I would say that it will depend on what kind of use The powermatic has had, If it has been used in a busy shop environment it might have had a lot of use but if it's in a private shop it may have had minimal use . Powermatic tools particularly the older ones are well built solid machines. I would take a board with you and run it through the jointer a couple times or have the owner that's selling it do it if your not experienced in using a jointer. while it's in use you might want to listen for noises like loose or worn out bearings. You might want to look at the infeed and out feed tables and see if they work properly and are not heavily beat up .


----------



## TIGR (Jun 15, 2012)

Every piece of advice helps. Thanks guys. I'll try to round up someone with more experience to take along for an in-person inspection.


----------



## knotscott (Feb 27, 2009)

If price is driving you to look at portable jointers, and not space constraints, I'd look to a decent used 6" stationary jointer, or even the Harbor Freight floor jointer…it goes on sale < $200 and gets mainly solid reviews from owners/users….not the fanciest, but does the job better than most benchtop models, is built more substantially built, and has more capacity.

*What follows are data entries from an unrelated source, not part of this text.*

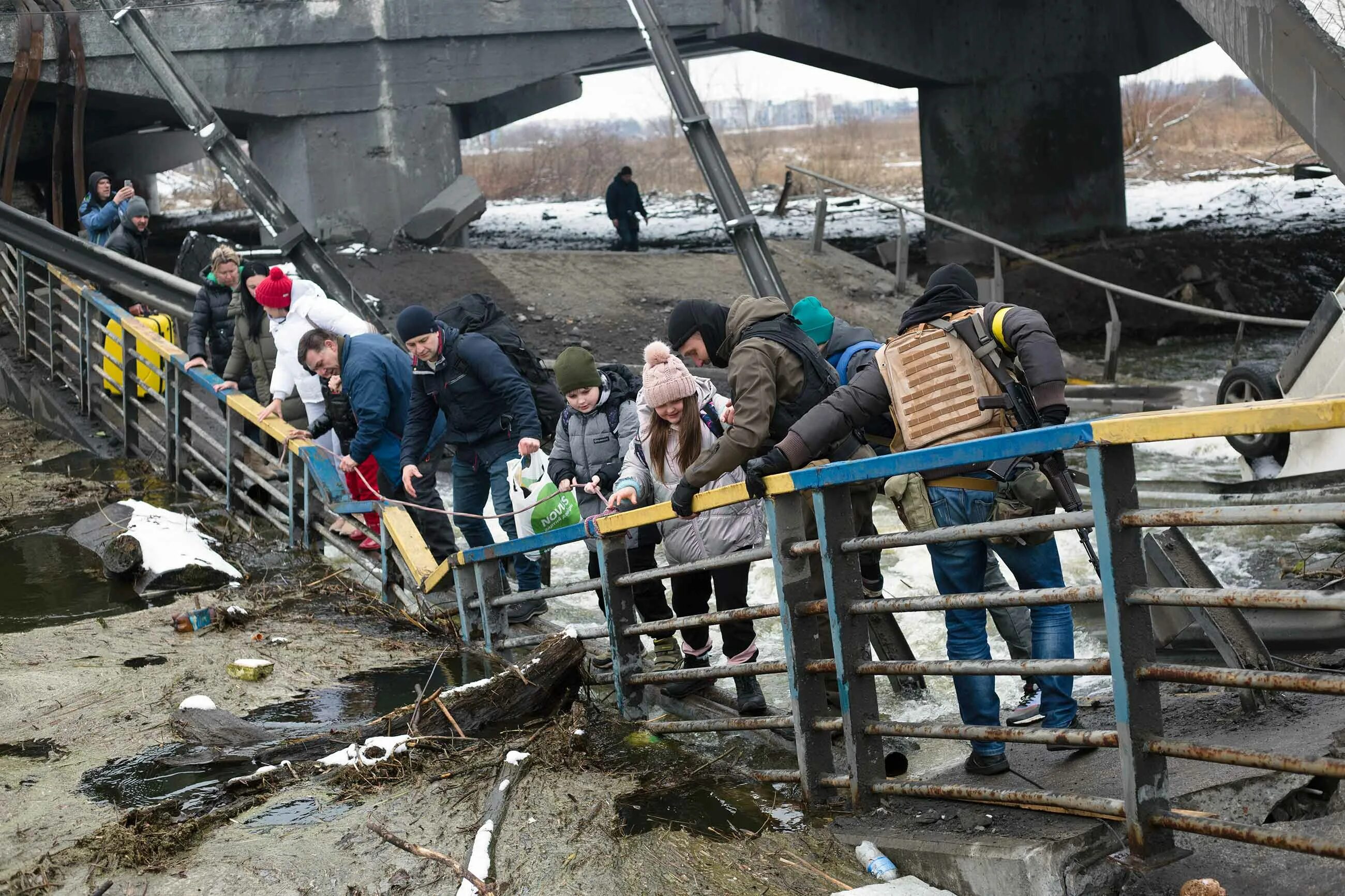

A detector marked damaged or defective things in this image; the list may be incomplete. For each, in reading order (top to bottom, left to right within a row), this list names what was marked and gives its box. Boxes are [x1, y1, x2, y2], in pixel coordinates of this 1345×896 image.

broken concrete slab [404, 174, 489, 246]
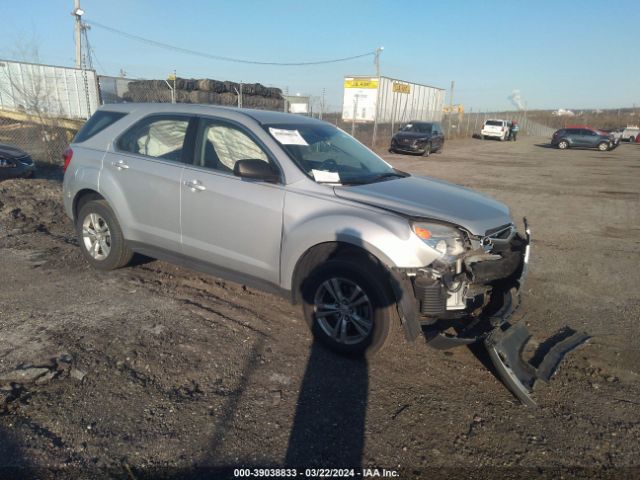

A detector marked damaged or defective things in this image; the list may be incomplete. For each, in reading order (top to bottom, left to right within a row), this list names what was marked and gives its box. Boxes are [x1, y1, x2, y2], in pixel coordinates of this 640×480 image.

damaged front end [392, 219, 588, 406]
detached front bumper [390, 220, 592, 404]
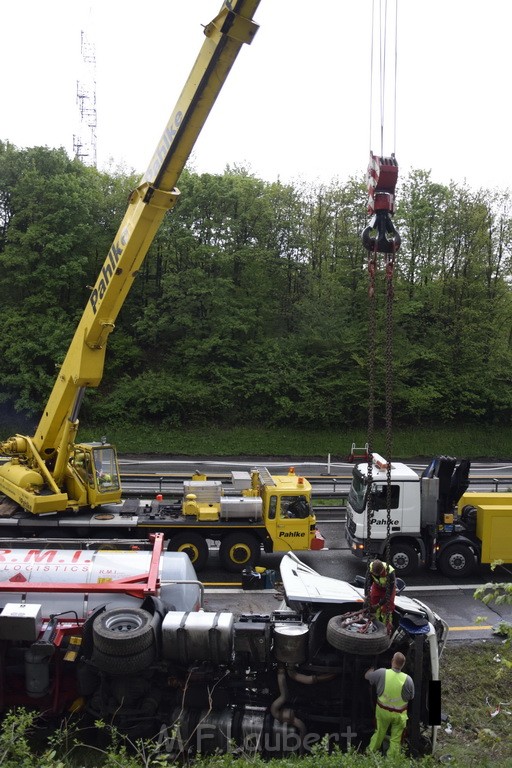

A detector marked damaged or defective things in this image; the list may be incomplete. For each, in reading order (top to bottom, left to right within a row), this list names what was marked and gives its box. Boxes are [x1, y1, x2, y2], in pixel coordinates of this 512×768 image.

That used Griz 1182Z for $250 looks to be a very solid deal if it runs well. The 1182HW was rated #1 by Wood Mag in Sept/2001 issue. The 1182Z is the same main jointer on a heavier base, and has levers instead of handwheels for adjustment. The old PM and old Delta could be nice tools too.


----------



## TIGR (Jun 15, 2012)

Yes I should have mentioned-two things I'm blessed with here are plenty of space and a place I'll be staying indefinitely. The plan is to hunker down and learn to the best of my ability working on projects at home so there's no need here for compact or portable machinery.


----------



## lunn (Jan 30, 2012)

I was at a estate auction Saturday night watched a Grizley 8" jointer go for $65.00. the table needed some tlc. Just to big for my shop !!!


----------